Conducting your own cloud orchestra: Some tips for effective multi-cloud orchestration

Most organizations feel that they’re not yet achieving the full value of their cloud investments1. Of special concern is managing the multi-cloud environment that more than 75% of companies report they are operating in today2—some combination of a private cloud and one or more hyperscale public cloud providers.

One big reason for falling short of ROI expectations is that, as so much attention is paid to the migration itself, less attention goes to actually orchestrating the new cloud environment—managing and operating all the different components after migration and getting them to work in sync. However, here’s a big secret: Effective orchestration is one of the major areas where you can increase your cloud ROI.
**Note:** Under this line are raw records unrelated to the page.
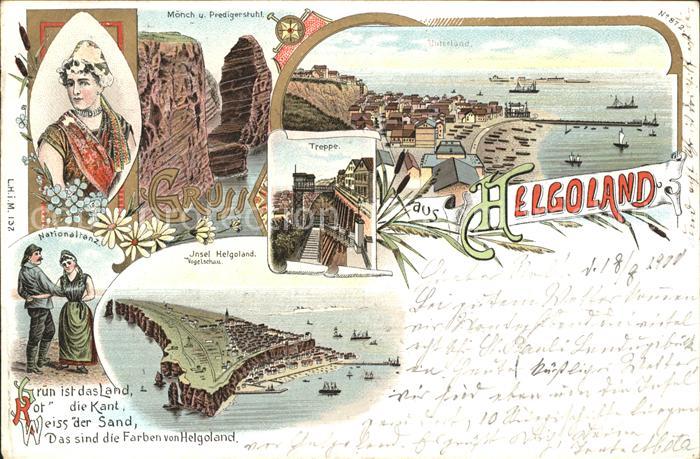 Helgoland Tracht Nationaltanz Moench Predigerstuhl Felsen Treppe Reichspost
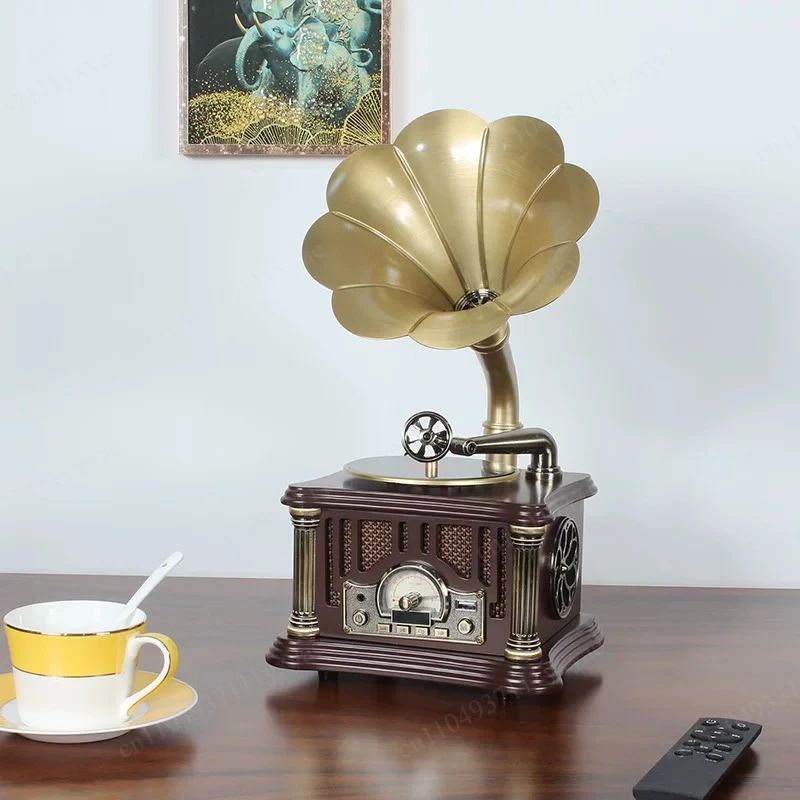 Retro Wooden Gramophone Mini European Vintage Record Player Bluetooth Speaker Home Decor Birthday Gift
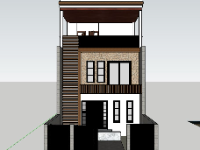 File sketchup nhà phố 3 tầng 6.2x14.9m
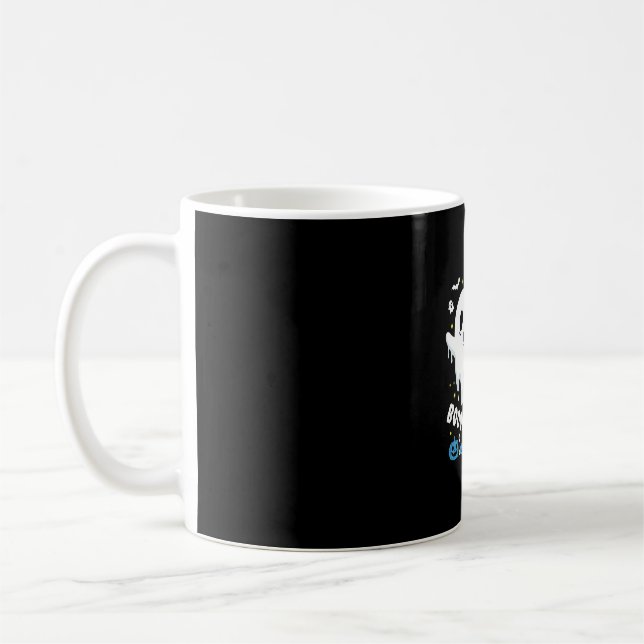 Caneca De Café Fantasma de Halloween Eu Xinguei Meu Design de Cal (Esquerda)
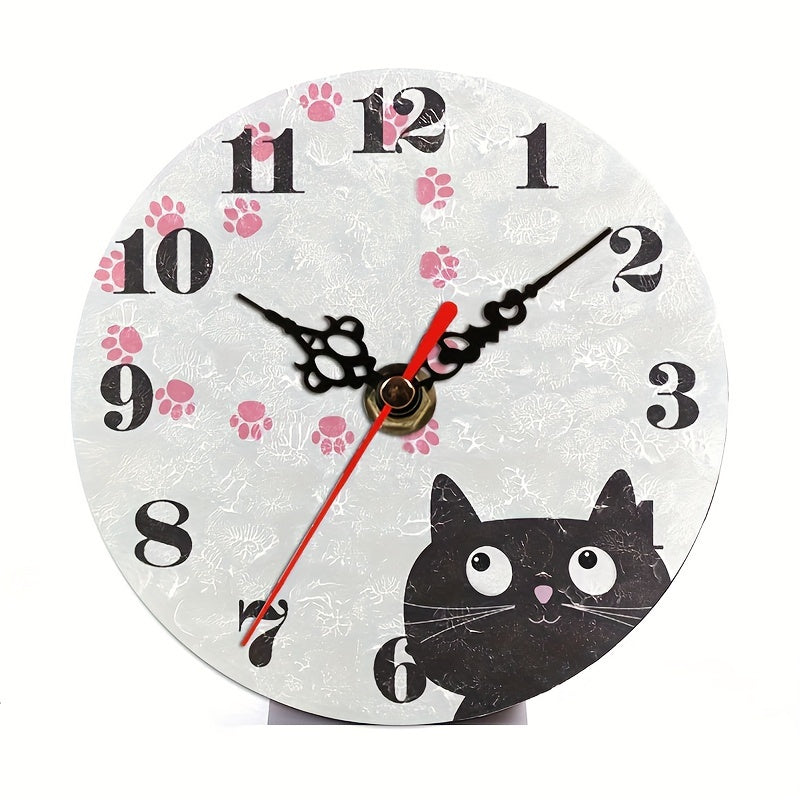 PurrTime - Söt Tyst Katt Väckarklocka för Rumsdekoration
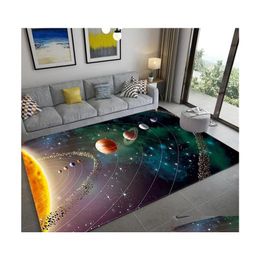 Tapis Espace Univers Planète 3D Tapis De Sol Salon Grande Taille Flanelle Doux Tapis De Chambre Pour Enfants Garçons Tapis De Toilette Paillasson 2 Dhddo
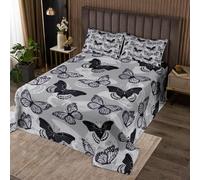 Set di biancheria da letto per letto singolo, con motivo farfalle e falene selvatiche, 2 pezzi, con 1 federa, in stile gotico, colore: nero e grigio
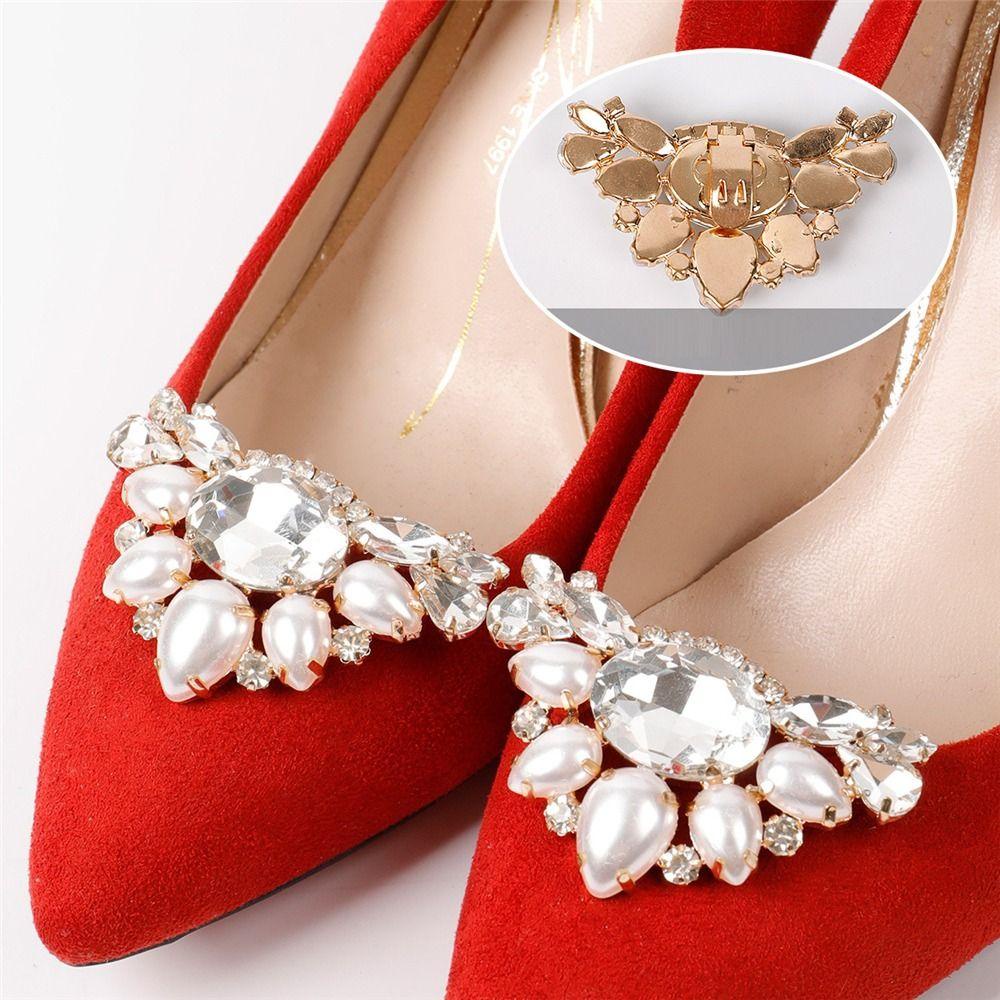 Set 2 Kẹp Giày Đính Đá Pha Lê Trang Trí Cô Dâu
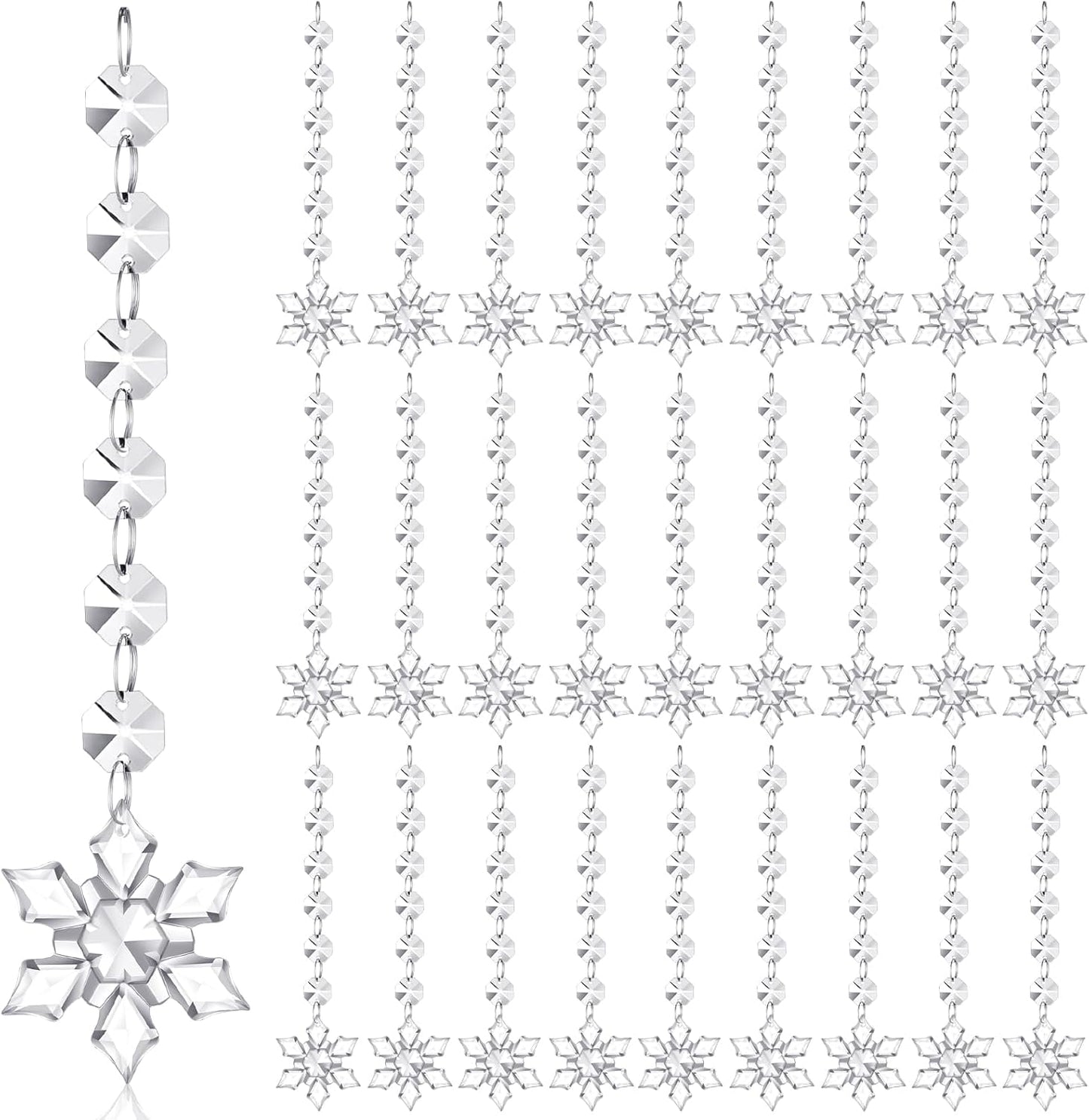 Nuenen 100 Pcs Acrylic Hanging Crystals for Centerpieces Chandelier Clear Crystal Garland Strands Ornament Acrylic Clear Beads Prisms Pendant for Christmas Tree Window Home Decoration(Snowflake)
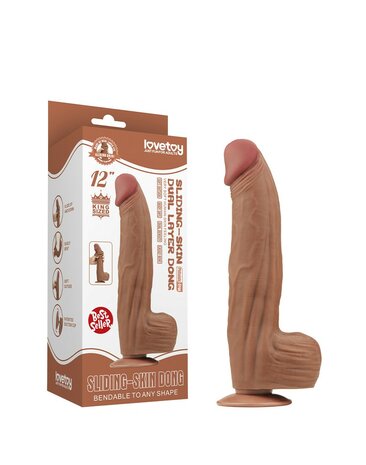 Lovetoy - Dildo -Sliding Skin Dildo - Lengte 31 cm - Bruin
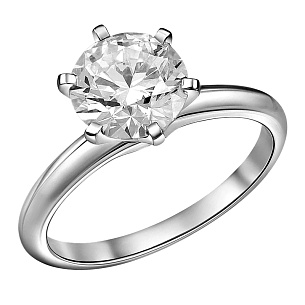 Кольцо из белого золота с бриллиантом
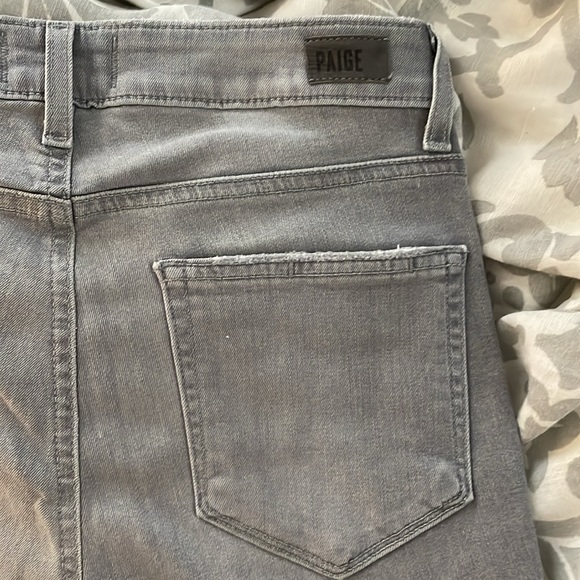 PAIGE Denim | size 27 light gray destroyed skinny jeans - Picture 4 of 6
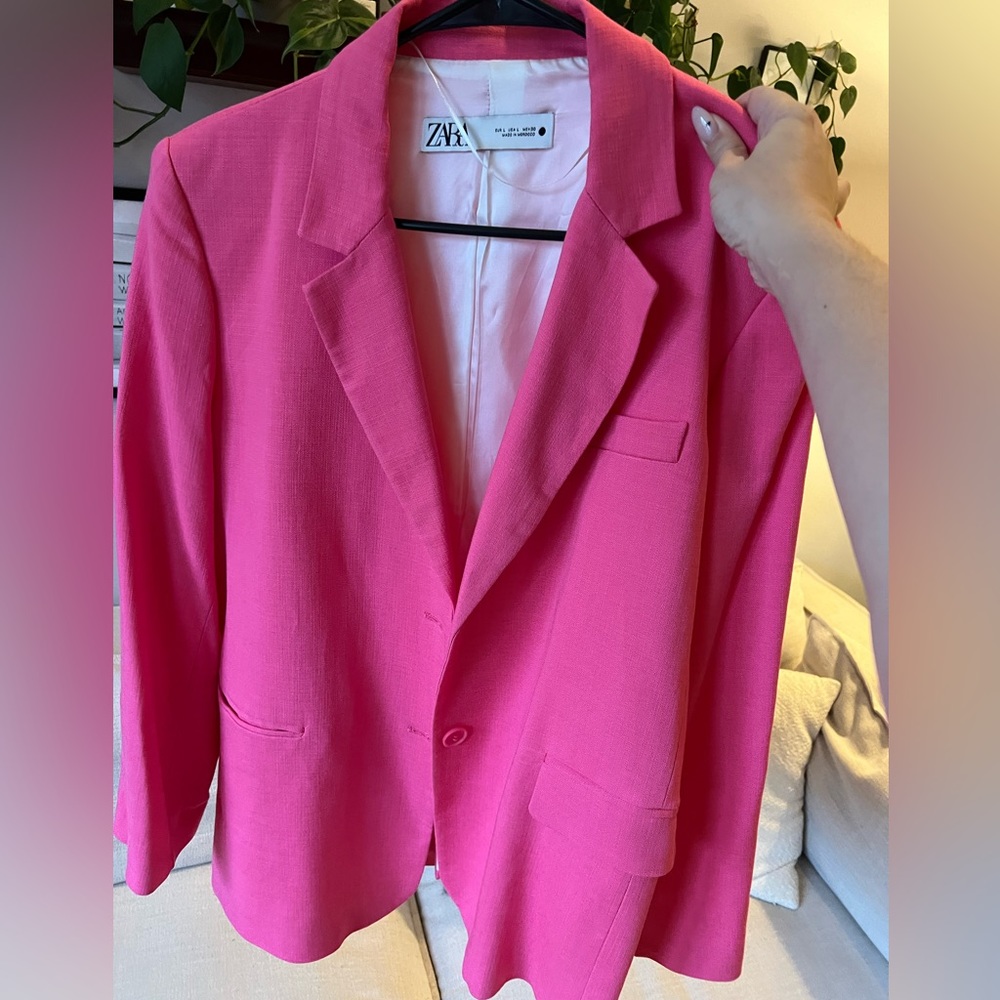 Zara pink linen blazer
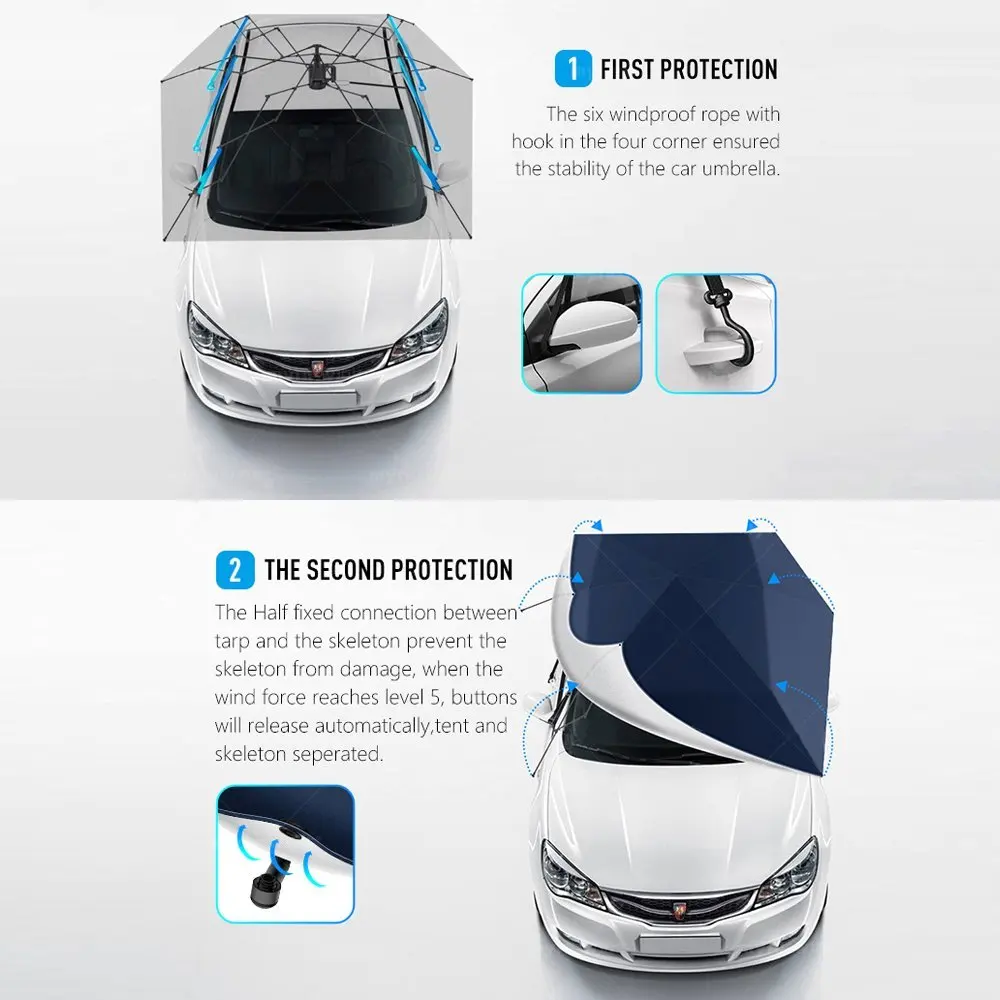 Movable Carport sunclose Folded Portable mobile Protection Umbrella Sunproof Canopy car cover tent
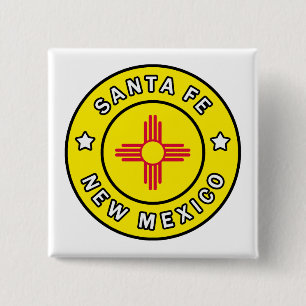 Santa Fe New Mexico 2 Inch Square Button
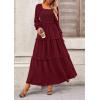 imagePRETTYGARDEN Fall Dresses for Women 2026 Long Sleeve Smocked Square Neck Swiss Dot Tiered Flowy Wedding Guest Maxi DressWine Red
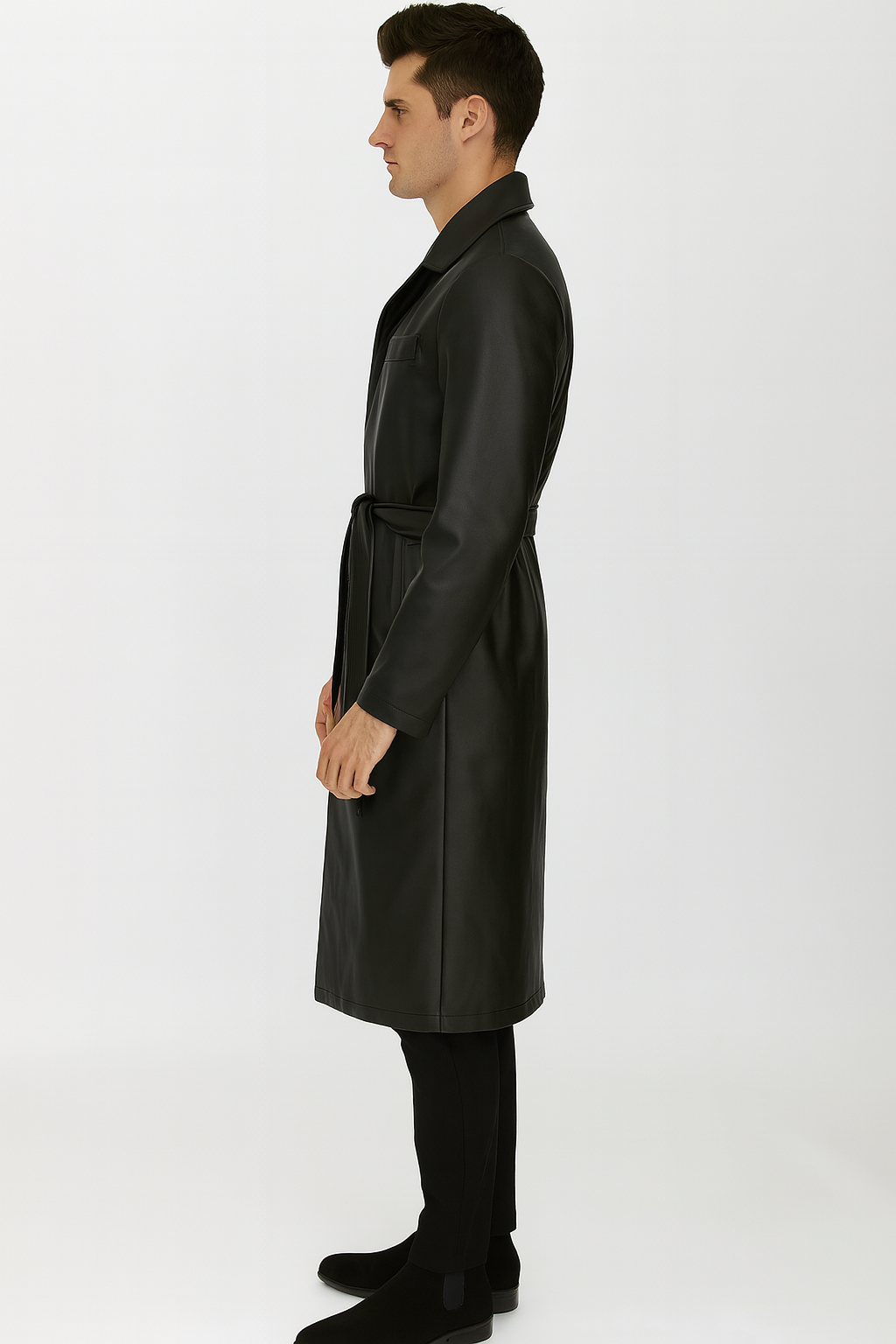 men-s-black-pu-belted-trench-coat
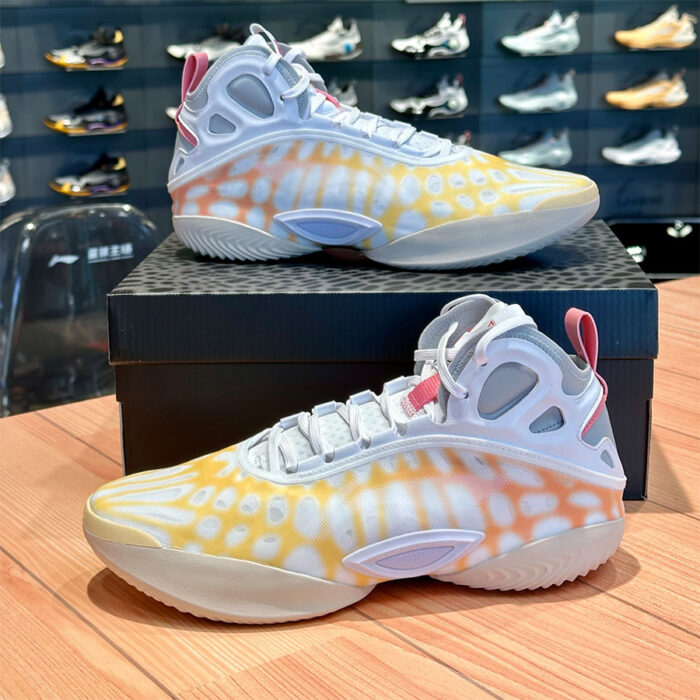 LiNing Yushuai 19 Premium Boom Basketball Shoes White/Yellow/Orange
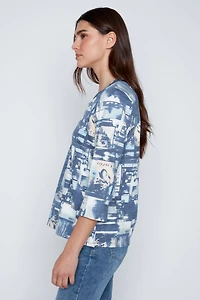 Printed french terry top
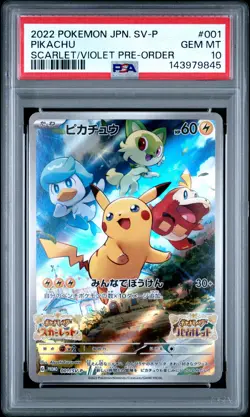 2022 POKEMON JPN SV PROMO SCARLET & VIOLET PRE-ORDER #001 PIKACHU PSA 10 - Image 1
Figure 1 – Operations and Governance Activities Addressed by Orchestration

The enablers of orchestration

Orchestration involves the virtual management of multi-cloud workload operations—things like infrastructure deployment, network, load balancing and patching. Then there are critical governance activities such as capacity management, identity and access management, financial operations and compliance monitoring. (For more, see Figure 1.)  The mechanism for management of these functions across multiple clouds is a cloud orchestrator.  This is a power set of capabilities that automates the fulfillment of service catalog requests, all accessible in a self-service manner and integrated with your ITSM front-end. 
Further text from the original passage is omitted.